Best Practices for Speed in Deep Learning Applications on Intel Architecture

You have set up a deep learning model that you are planning to train on an Intel architecture processor. In order to be productive, you have to minimize the training time. You run the application and see that it takes N seconds for a single training epoch. How do you know if it is good? If improvement is possible, what can you do to improve the training time? Are there tools to identify a tuning strategy?

Intel software development tools can answer these questions to maximize your productivity in deep learning on Intel architecture. At the Intel AI DevCon 2018 in San Francisco, Alaa Eltablawy (Colfax) presented a workshop that demonstrates how this works.

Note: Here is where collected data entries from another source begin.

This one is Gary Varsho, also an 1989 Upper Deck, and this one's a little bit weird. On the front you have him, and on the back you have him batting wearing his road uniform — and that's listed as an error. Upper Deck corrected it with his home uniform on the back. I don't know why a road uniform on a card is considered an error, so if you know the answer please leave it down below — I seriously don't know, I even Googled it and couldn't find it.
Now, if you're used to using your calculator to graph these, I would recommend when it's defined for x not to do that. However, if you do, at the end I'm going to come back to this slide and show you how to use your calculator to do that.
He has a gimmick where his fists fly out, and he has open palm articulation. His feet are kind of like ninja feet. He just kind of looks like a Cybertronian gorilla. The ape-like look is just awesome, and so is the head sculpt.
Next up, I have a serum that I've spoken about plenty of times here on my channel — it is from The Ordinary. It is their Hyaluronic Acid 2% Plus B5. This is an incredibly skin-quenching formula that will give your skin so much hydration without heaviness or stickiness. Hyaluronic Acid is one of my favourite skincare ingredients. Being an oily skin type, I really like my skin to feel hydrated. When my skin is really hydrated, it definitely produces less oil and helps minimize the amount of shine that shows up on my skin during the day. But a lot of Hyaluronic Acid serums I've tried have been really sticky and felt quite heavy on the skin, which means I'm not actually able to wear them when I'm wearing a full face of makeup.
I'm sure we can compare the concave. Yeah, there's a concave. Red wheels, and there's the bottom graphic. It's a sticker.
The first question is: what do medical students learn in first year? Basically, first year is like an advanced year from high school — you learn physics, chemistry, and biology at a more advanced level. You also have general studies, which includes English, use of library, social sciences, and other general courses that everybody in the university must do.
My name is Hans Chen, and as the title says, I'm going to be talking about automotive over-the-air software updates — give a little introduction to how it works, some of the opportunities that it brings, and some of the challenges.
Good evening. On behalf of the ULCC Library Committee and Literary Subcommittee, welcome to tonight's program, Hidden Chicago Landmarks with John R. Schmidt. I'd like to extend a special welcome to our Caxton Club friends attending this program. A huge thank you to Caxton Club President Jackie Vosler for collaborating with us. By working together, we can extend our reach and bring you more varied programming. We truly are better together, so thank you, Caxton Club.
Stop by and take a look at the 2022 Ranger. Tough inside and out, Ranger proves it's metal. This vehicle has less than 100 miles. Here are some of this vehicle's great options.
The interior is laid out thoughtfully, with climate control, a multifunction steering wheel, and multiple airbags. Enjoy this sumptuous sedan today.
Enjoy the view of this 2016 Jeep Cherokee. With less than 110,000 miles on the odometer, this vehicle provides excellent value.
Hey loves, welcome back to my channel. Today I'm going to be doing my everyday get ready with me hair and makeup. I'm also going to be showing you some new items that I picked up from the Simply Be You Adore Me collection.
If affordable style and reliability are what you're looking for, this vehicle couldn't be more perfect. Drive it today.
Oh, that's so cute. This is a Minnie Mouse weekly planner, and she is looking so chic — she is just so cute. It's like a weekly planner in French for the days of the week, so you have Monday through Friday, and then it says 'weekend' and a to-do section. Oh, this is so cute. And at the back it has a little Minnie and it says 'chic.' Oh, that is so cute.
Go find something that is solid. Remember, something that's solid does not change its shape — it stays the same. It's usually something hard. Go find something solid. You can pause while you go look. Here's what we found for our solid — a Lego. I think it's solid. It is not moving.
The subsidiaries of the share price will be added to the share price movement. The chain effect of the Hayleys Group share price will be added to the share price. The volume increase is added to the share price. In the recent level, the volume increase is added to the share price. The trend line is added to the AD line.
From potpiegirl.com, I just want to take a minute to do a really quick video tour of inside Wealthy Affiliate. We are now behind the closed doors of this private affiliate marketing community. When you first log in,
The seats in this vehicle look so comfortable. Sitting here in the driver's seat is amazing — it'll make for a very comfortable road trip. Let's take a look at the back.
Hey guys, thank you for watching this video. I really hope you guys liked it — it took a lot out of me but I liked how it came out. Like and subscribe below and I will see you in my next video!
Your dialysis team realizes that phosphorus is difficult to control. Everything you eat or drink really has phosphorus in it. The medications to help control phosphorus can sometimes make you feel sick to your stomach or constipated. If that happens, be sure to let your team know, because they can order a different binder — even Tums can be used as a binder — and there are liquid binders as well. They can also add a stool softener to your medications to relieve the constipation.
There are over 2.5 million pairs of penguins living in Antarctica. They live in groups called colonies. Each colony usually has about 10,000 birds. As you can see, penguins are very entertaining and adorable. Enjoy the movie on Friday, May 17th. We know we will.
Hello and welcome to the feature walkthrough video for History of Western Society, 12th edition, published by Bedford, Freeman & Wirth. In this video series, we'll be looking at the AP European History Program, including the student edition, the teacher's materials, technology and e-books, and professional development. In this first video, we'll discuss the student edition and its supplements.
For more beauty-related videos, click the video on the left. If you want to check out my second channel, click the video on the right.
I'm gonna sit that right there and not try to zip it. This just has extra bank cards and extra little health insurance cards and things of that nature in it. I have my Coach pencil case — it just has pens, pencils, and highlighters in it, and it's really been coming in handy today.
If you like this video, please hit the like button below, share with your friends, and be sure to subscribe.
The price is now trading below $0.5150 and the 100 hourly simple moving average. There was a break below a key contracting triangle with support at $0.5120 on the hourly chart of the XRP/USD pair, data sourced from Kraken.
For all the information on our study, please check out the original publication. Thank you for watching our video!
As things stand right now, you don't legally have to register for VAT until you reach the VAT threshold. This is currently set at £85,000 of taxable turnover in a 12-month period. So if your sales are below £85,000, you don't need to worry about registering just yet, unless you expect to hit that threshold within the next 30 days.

For the workshop, attendees received access to the Intel® AI DevCloud, where they could experiment with the optimization of a TensorFlow-based application for image segmentation. The instructor demonstrated the performance analysis results obtained with Intel® VTune Amplifier and Application Performance Snapshot and explained how this analysis consistently guides you to the use of known “performance tuning knobs” in TensorFlow. You can apply the techniques presented in the workshop to other deep learning frameworks, as well as classical machine learning with Python and other AI-related applications. In addition, the workshop presents information on obtaining Intel Distribution for Python, Intel VTune Amplifier, and other tools for enterprise, academic, and non-commercial use.